* Data for the task

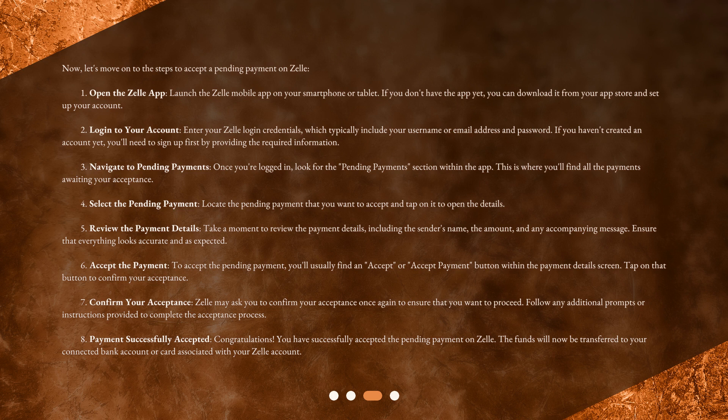Step 4: Select the Pending Payment. Locate the pending payment that you want to accept and tap on it to open the details. Step 5: Review the Payment Details. Take a moment to review the payment details, including the sender's name, the amount, and any accompanying message. Ensure that everything looks accurate and as expected.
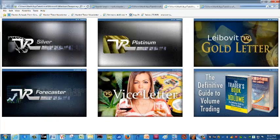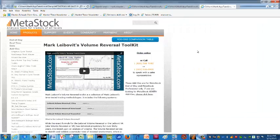As a reminder, we do have our Trader's Book of Volume, both in Chinese and English, which is a definitive guide to volume trading covering the major volume indicators, including our Leibovit Volume Reversal. Here on Metastock you can sign up for a one-month free trial — I encourage you to do so. I've used the indicator for 35 years, and it's been the basis of my success.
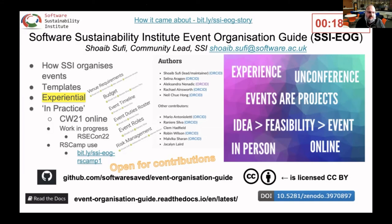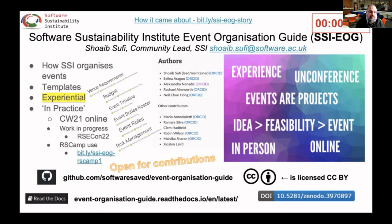We have a section called 'In Practice', which is open for contributions, as is the main guide. There's one for CW21 which goes into detail about how that online event was put together, and the RSE Conference 22 is currently being documented as it's being planned. The RSE camps also referred to the SIEOG. Thank you.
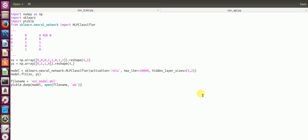So this is a simple code that I've written. As you can see, initially I initialize my inputs and outputs. So my input is basically an array 0 0 0 1 1 0 1 1, which is reshaped to four rows and two columns.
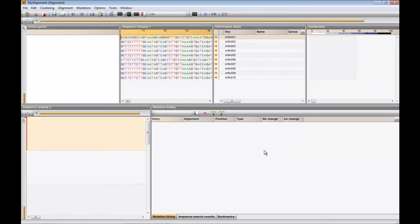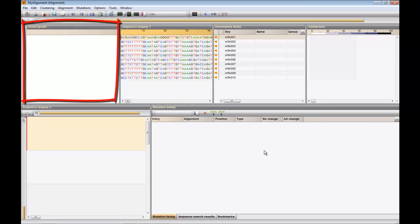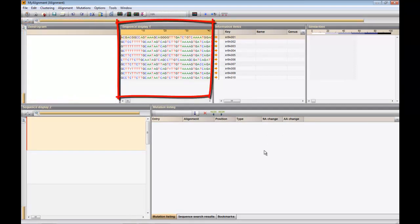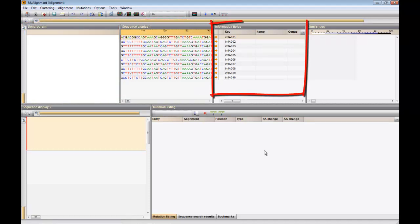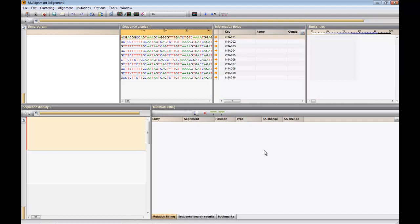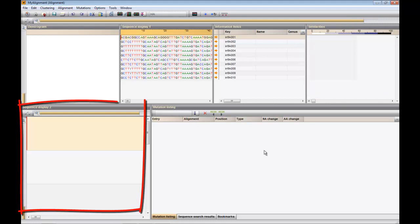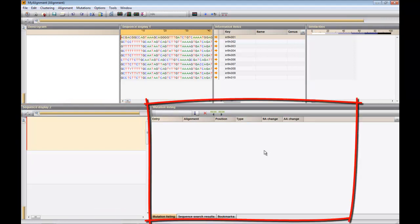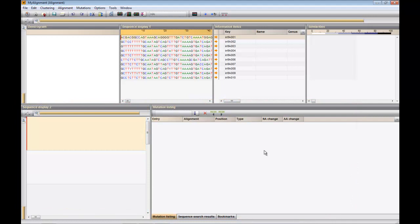The alignment window consists of six panels: a dendrogram panel, a first sequence display panel, a panel that shows the information fields of the selected entries, and a panel for the similarity matrix. Below, we have a second display panel and a last panel to view the results of the sequence searches and mutation searches.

* Work to complete
Copy out all the data exactly. The images should not appear in the copy.

* Answer box
Step 4: Select the Pending Payment. Locate the pending payment that you want to accept and tap on it to open the details. Step 5: Review the Payment Details. Take a moment to review the payment details, including the sender's name, the amount, and any accompanying message. Ensure that everything looks accurate and as expected.
As a reminder, we do have our Trader's Book of Volume, both in Chinese and English, which is a definitive guide to volume trading covering the major volume indicators, including our Leibovit Volume Reversal. Here on Metastock you can sign up for a one-month free trial — I encourage you to do so. I've used the indicator for 35 years, and it's been the basis of my success.
We have a section called 'In Practice', which is open for contributions, as is the main guide. There's one for CW21 which goes into detail about how that online event was put together, and the RSE Conference 22 is currently being documented as it's being planned. The RSE camps also referred to the SIEOG. Thank you.
So this is a simple code that I've written. As you can see, initially I initialize my inputs and outputs. So my input is basically an array 0 0 0 1 1 0 1 1, which is reshaped to four rows and two columns.
The alignment window consists of six panels: a dendrogram panel, a first sequence display panel, a panel that shows the information fields of the selected entries, and a panel for the similarity matrix. Below, we have a second display panel and a last panel to view the results of the sequence searches and mutation searches.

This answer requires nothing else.